A Geological Tour of Denver, Golden, and Colorado's Front Range

By Jack Barkstrom

The formation known as the Idaho Springs batholith, making up the foothills west of Golden and Morrison, can be as much as 4,000 feet thick in places.  It is very old, having formed between 1.7 and 1.8 billion years ago.  Much of it is gneiss or various stages and forms of granite. 

Granite can be composed of a number of minerals, although the most common components are feldspar, quartz, and mica, or hornblende.  Feldspar, quartz, and mica, are, in turn, silicates, combinations of the element silicon and oxygen.  Feldspar is an aluminum silicate, formed from soda, potash, or lime. Gneiss, composed of the same minerals as granite, is a form of granitic rock, formally differentiated from granite, more by pattern or texture, than by composition.  It is characterized by parallel banding, known as schistosity (highly developed in rocks classified as schists) or foliation.  The banding can range in size from barely visible parallel streaks to bands many feet or yards in width, illustrated by the pegamatitic intrusions, known as injection gneiss.
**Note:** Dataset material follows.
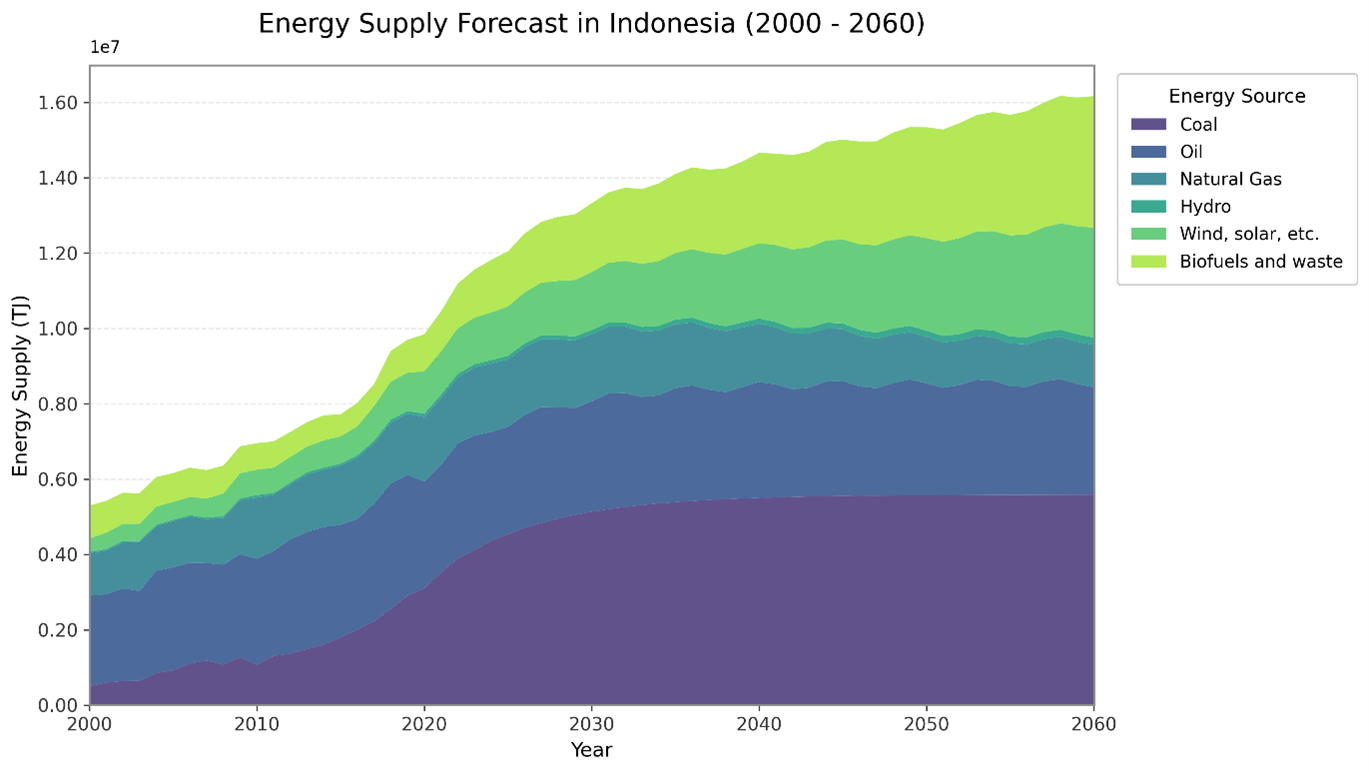 Energy supply forecast for Indonesia, 2000 to 2060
Along the Highway 40/Interstate 70 corridor, south of Golden, the alternating bands of orange and black rock give the appearance of a multicolored waterfall.  They range in size from a few inches to fifteen or twenty feet across.  Within these bands or the boulders and rocks scattered nearby can be seen the more conventional gneiss patterns which distinguish them from granite.